Questo sguardo non si improvvisa, ma si forma, si costruisce pazientemente, custodendo il senso di una presenza, alimentandolo e tornando alla sorgente. La preghiera, cioè l’ascolto della Parola di Dio e la celebrazione dell’eucarestia, è il luogo dove questo può accadere.

Lo studio della teologia, dunque, e dell’apparentemente arida esegesi o grammatica accadica, del greco o del siriaco, di Platone o Duns Scoto, non sono un tempo rubato all’ascolto del grido del mondo che ci attende ma, al contrario, sono la prima risposta, necessaria, indispensabile per dare al grido del mondo la risposta di cui ha bisogno.

Lo studio serve, infatti, per dare forma e consistenza a quel centro unificante che nel nostro cuore si deve formare intorno alla Parola di Dio e alla conoscenza teologica di Cristo e che ci permette di diventare un dono per il mondo.
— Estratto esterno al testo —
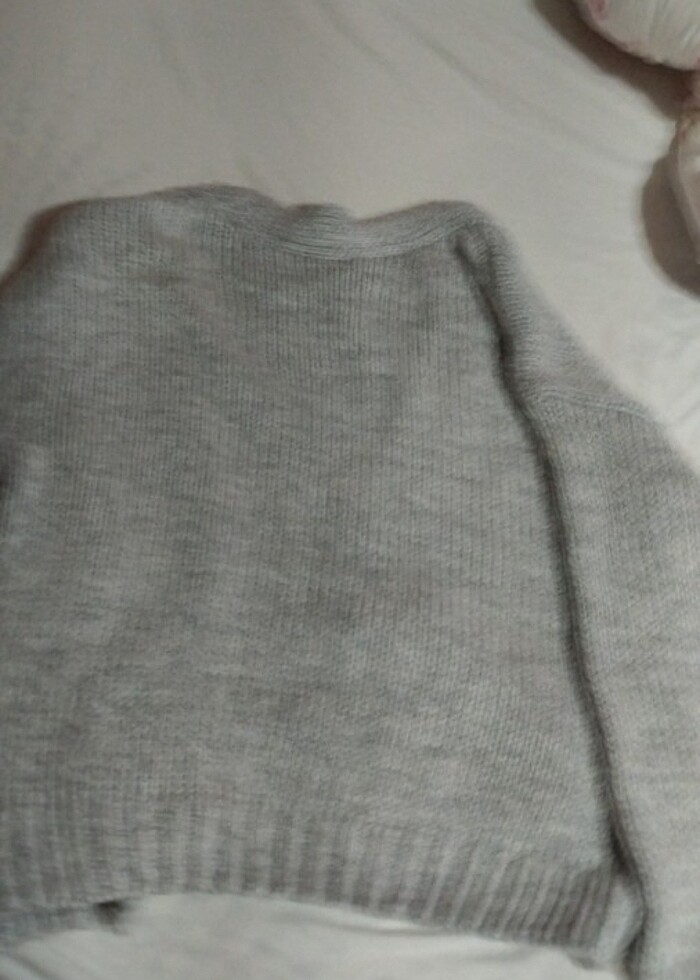 Lcw hırka oversize  - Görsel 4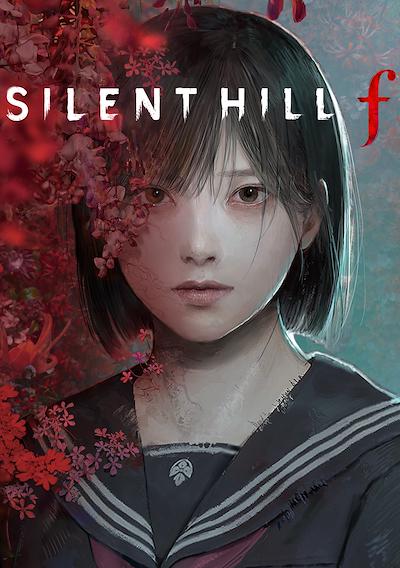 Cover image for the game Silent Hill f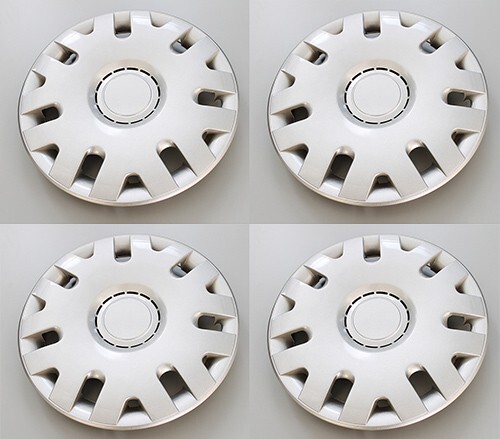 Copricerchi auto set - copricerchi,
Forse alcuni di voi vorrebbero affrettare la conclusione del loro percorso di studi, che sentono lontano dalla loro sensibilità e inutile, vorrebbero andarsene a fare altro, forse qualcosa sentito come più utile e gratificante. È una tentazione ricorrente, che è simile a quanto ha compiuto il profeta Giona della prima lettura: fugge dal progetto di Dio, perché lui ha il suo progetto, ha la sua idea di salvezza e in quell’idea di salvezza non c’è posto per i niniviti, non c’è posto per il piano di Dio che è così poco ragionevole e comprensibile.
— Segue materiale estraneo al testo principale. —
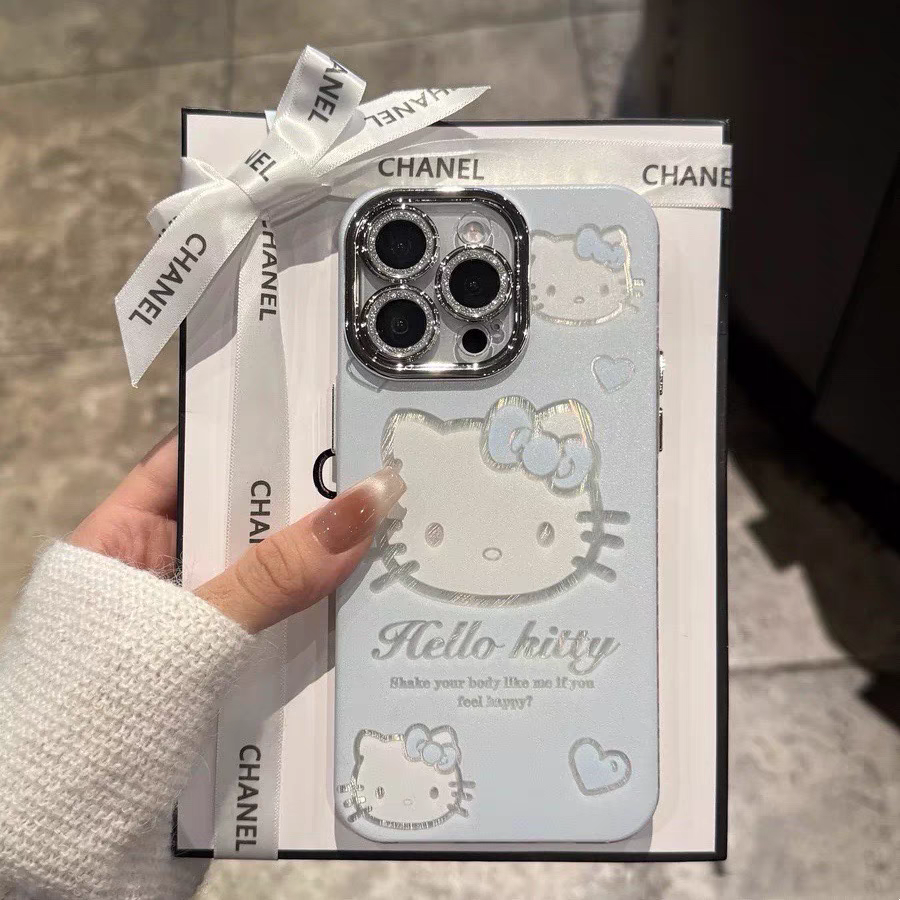 甜妹HelloKitty手机壳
Invece nel piegarci sui libri, nell’inginocchiarci di fronte all’eucarestia vi è la prima risposta, seria, solida, radicale al grido del mondo. Significa portare a Dio quel grido, ma anche ascoltarlo e rispondere secondo il progetto di Dio e non il nostro.

Il Ministero della Parola, dunque, che è il vostro servizio alla Chiesa è il vostro modo concreto e prezioso di “farsi prossimo” (Lc 10, 36), di piegarsi sulle ferite della nostra umanità, bisognosa di dare un senso al suo dolore e di incontrare nei nostri occhi lo sguardo compassionevole del dio misericordioso.

Grazie della vostra presenza e grazie per il vostro prezioso ministero nella nostra Chiesa!